The identification strategy in this paper uses the change in the New Jersey minimum wage in 1989 as well as Pennsylvania’s lack of change in minimum wage to compare the two states. They also compare across fast food restaurants since the skills required at one fast food restaurant would be the same in a different restaurant location if it is the same chain of fast food. The researchers also accounted for if restaurants were closed or simply did not respond in the follow up survey.
The paper assumes that there are no differences between the two states, although they do account for regional differences in the states. The paper also takes into account that there could also be non-wage offsets that are not seen in the wage data. The paper does not account for the differences in neighboring states, which could pose a threat to the identification.
a.load data
CK_94 <- read.csv("CardKrueger1994_fastfood.csv")
CK_94_a<-CK_94
stores <- aggregate(CK_94_a[, 3:4], list(CK_94_a$state), mean, na.rm = TRUE)
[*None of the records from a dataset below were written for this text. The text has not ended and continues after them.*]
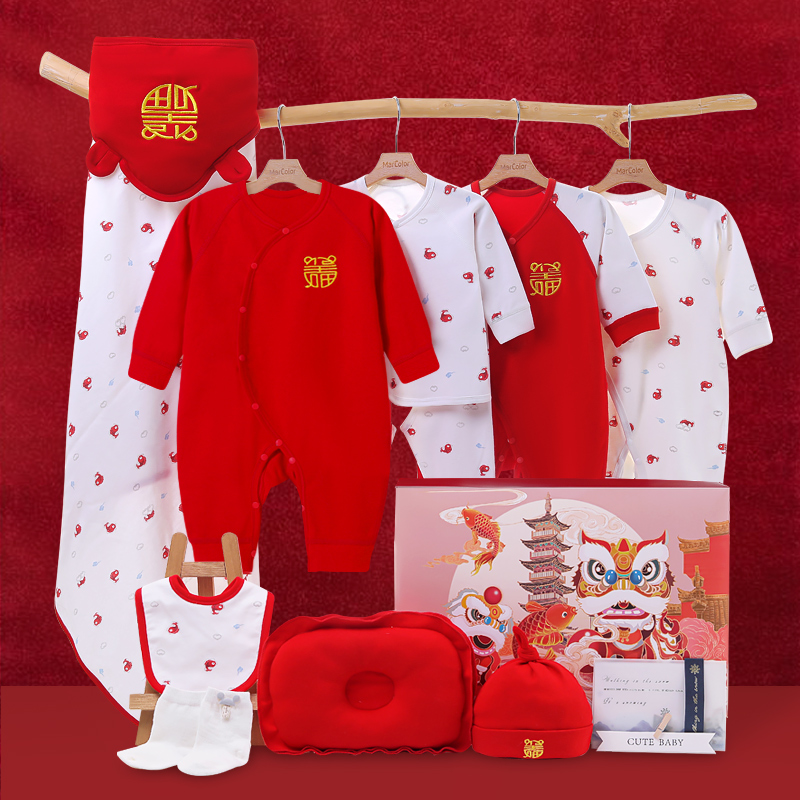 婴儿礼盒套装送礼高档新生儿衣服初生满月见面礼物刚出生宝宝用品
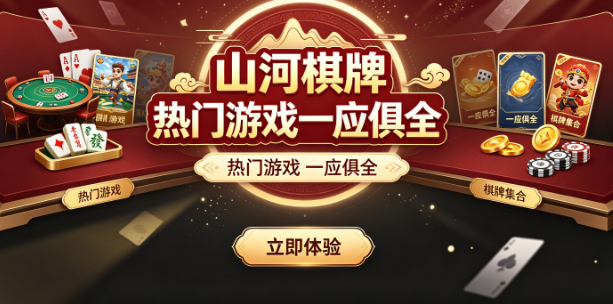 山河棋牌热门游戏一应俱全-山河棋牌真人实时对战刺激-山河棋牌界面设计精美舒适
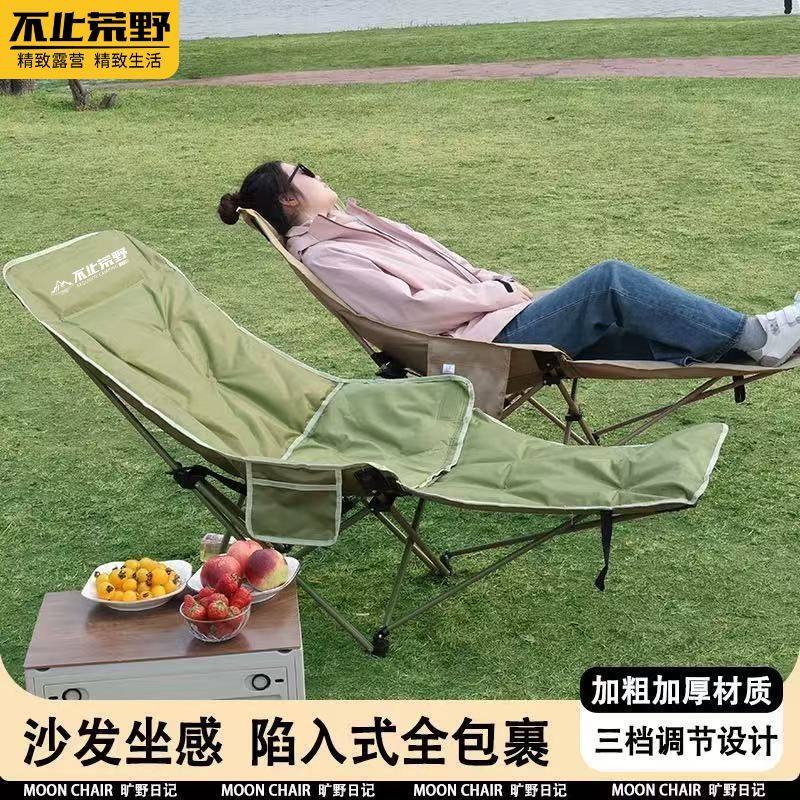 加棉月亮椅带脚托可折叠室内户外便携折叠椅午休床午睡床可坐可躺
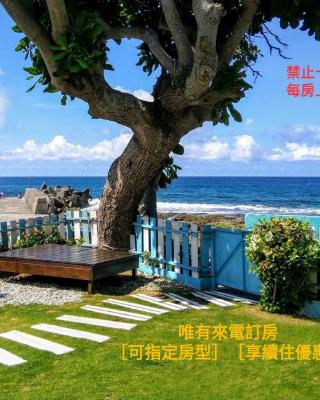 灣境海邊小屋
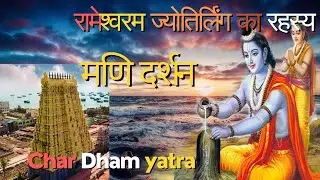 रामेश्वरम ज्योतिर्लिंग के दर्शन और रहस्य, मणि दर्शन/रामसेतु Rameshwaram Jyotirling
emp<-aggregate(CK_94_a[, 7:10], list(CK_94_a$state), mean)
check <- merge(emp, stores)
print(check)
## Group.1 bk kfc roys wendys emptot emptot2
## 1 0 0.4430380 0.1518987 0.2151899 0.1898734 23.33117 21.16558
## 2 1 0.4108761 0.2054381 0.2477341 0.1359517 20.43941 21.02743
C. Dif-in-dif by hand
CK_94_b <-data.frame(CK_94$id, CK_94$state, CK_94$emptot, CK_94$emptot2, CK_94$demp)
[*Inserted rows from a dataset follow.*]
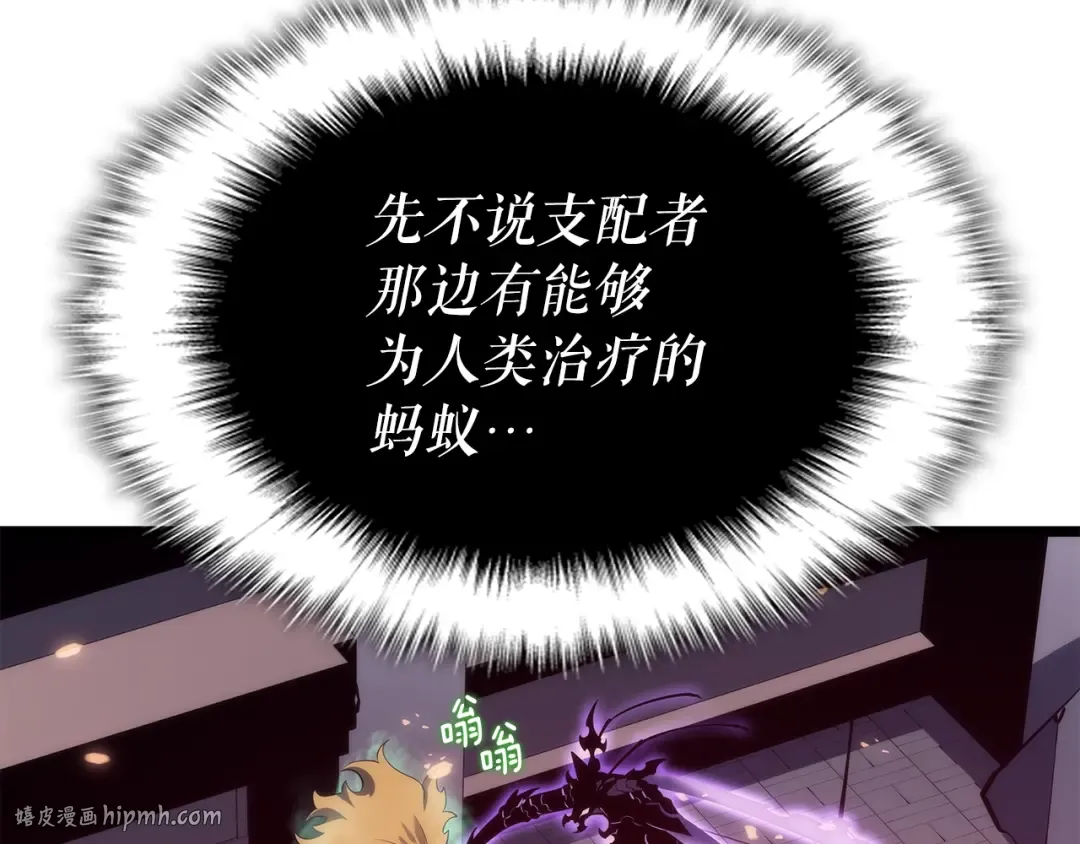 第165话 王的警告 第168页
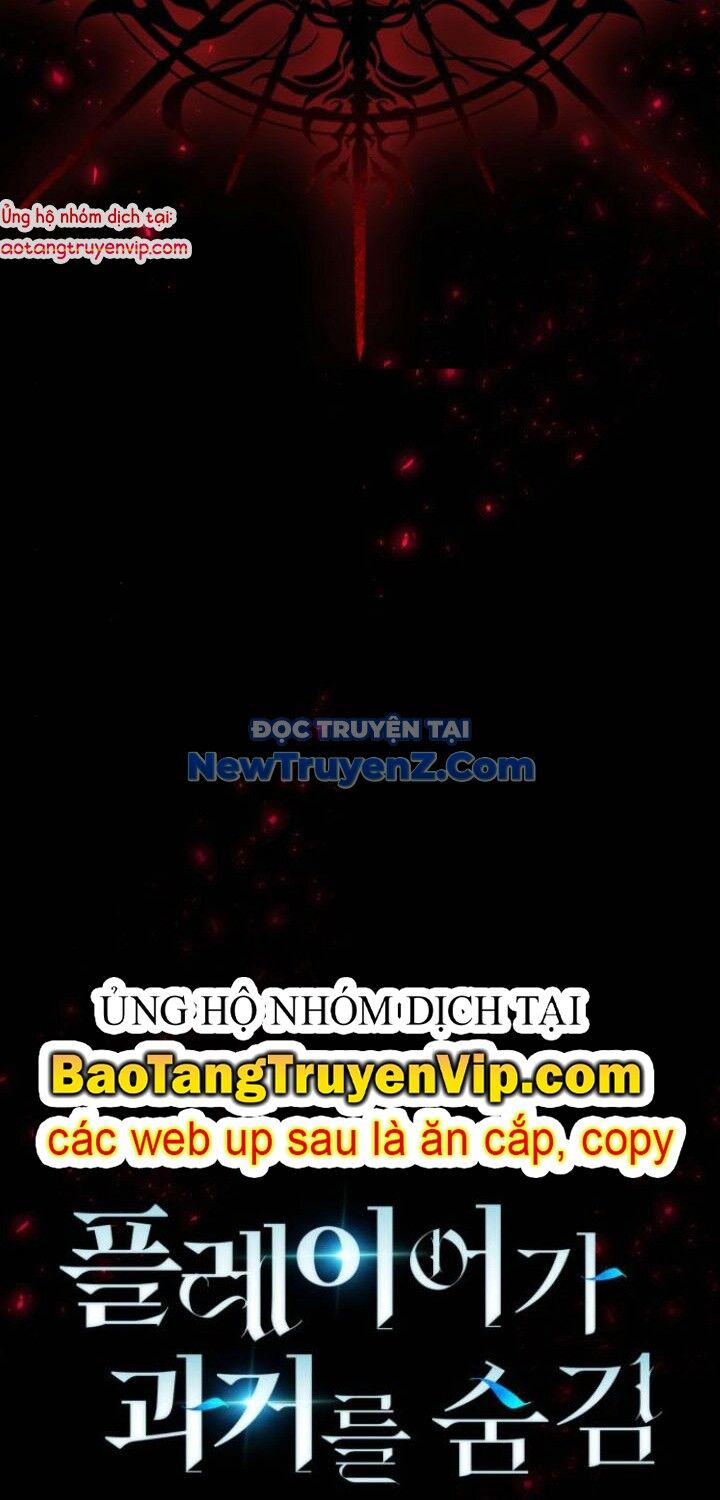 Người Chơi Che Giấu Quá Khứ Chương 72 Ảnh 12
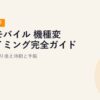 楽天モバイル 機種変更タイミング完全ガイド【2026年最新】損しない乗り換え時期と手順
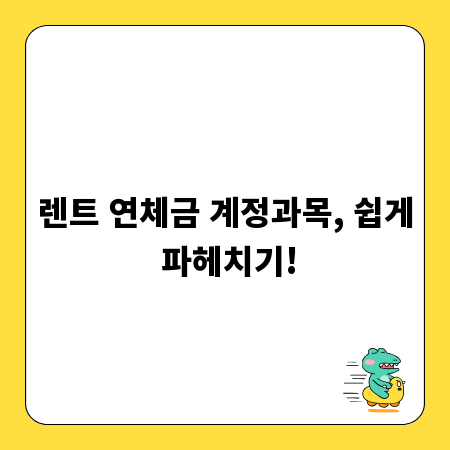 렌트 연체금 계정과목, 쉽게 파헤치기!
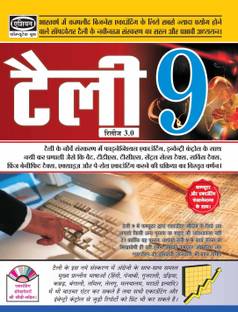 Tally 9 Part-I (Dlhi,Up,Utrakhand,Biharjjharkhand)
pt1<-aggregate(CK_94_b[,3:5], list(CK_94_b$CK_94.state), mean, na.rm=TRUE)
rownames(pt1) <- pt1$Group.1
pt1$Group.1 <- NULL
pt1_transpose <- as.data.frame(t(as.matrix(pt1)))
names(pt1_transpose)[1] <- "PA"
names(pt1_transpose)[2] <- "NJ"
pt2<- mutate(pt1_transpose, dif = NJ-PA)
pt2
## PA NJ dif
## 1 23.331169 20.4394081 -2.8917607
## 2 21.165584 21.0274295 -0.1381549
## 3 -2.283333 0.4666667 2.7500000
According to these results, NJ has lower FTE both before and after the change as compared to PA, but the magnitude of the employment change in NJ was much less than that of PA.
CK_94_c <- CK_94
c <- mutate(CK_94_c, wage_dif = wage_st-wage_st2)
c <-mutate(c, emp_dif = emptot-emptot2)
dif_model <- lm(emp_dif ~ wage_dif, c)
dif_model
##
## Call:
## lm(formula = emp_dif ~ wage_dif, data = c)
##
## Coefficients:
## (Intercept) wage_dif
## 1.132 2.943
This is close to the answer from part d.
library(tidyr)
CK_94_long <- gather(CK_94_a, condition, measurement, wage_st:wage_st2, factor_key = TRUE)
head(CK_94_long)
## id state emptot emptot2 demp chain bk kfc roys wendys condition
## 1 46 0 40.50 24.0 -16.50 1 1 0 0 0 wage_st
## 2 49 0 13.75 11.5 -2.25 2 0 1 0 0 wage_st
## 3 506 0 8.50 10.5 2.00 2 0 1 0 0 wage_st
## 4 56 0 34.00 20.0 -14.00 4 0 0 0 1 wage_st
## 5 61 0 24.00 35.5 11.50 4 0 0 0 1 wage_st
## 6 62 0 20.50 NA NA 4 0 0 0 1 wage_st
## measurement
## 1 NA
## 2 NA
## 3 NA
## 4 5.0
## 5 5.5
## 6 5.0
Unclear as to how we are to appropriately reshape the data.
With unclear data organization, I would run the Difference-in-Difference the same way as previous.
The linear trends assumption for difference-in-difference models is the assumption that the trends between the two groups that are being studied are both following a similar linear trend. This allows for any divergence to be due to the shock between the two groups and not to changes in the slopes between the two groups.